=== MATERIAL SUPPLIED ===

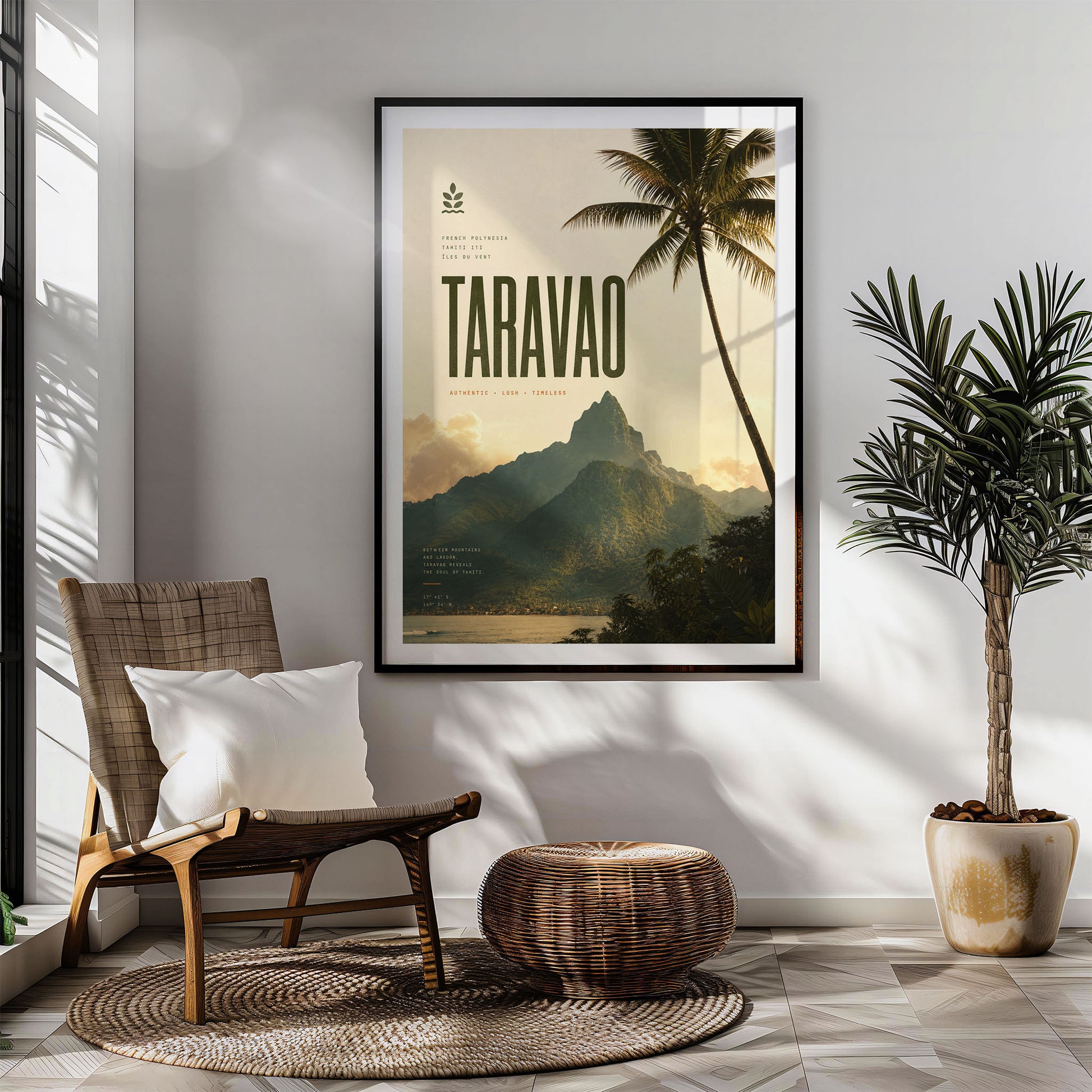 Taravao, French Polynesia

===
=== MATERIAL SUPPLIED ===

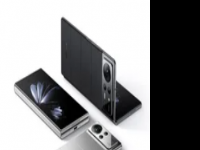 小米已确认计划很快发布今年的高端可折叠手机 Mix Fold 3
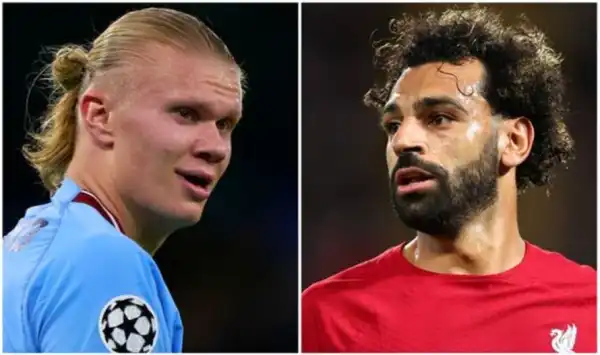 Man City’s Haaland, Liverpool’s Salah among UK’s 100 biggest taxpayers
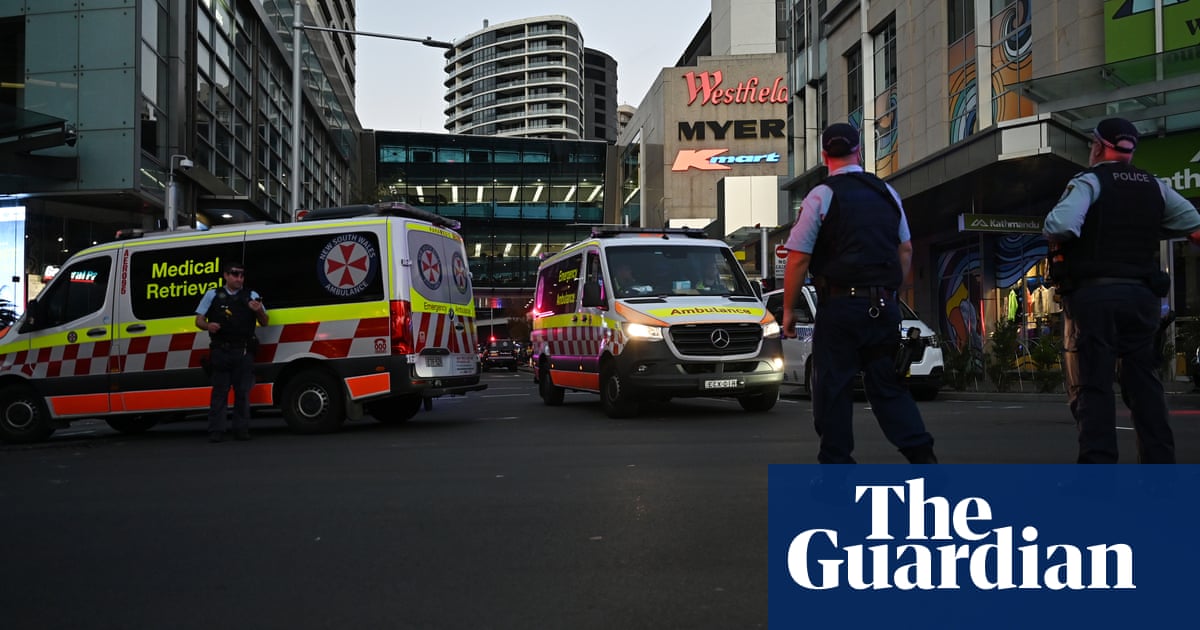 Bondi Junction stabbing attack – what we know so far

===

Look above for the line containing "小米已确认计划很快发布今年的高端可折叠手机 Mix Fold 3", then write out every line from there down to the line containing "Bondi Junction stabbing", that line included, with no pictures.

EXPECTED ANSWER>
 小米已确认计划很快发布今年的高端可折叠手机 Mix Fold 3
 Man City’s Haaland, Liverpool’s Salah among UK’s 100 biggest taxpayers
 Bondi Junction stabbing attack – what we know so far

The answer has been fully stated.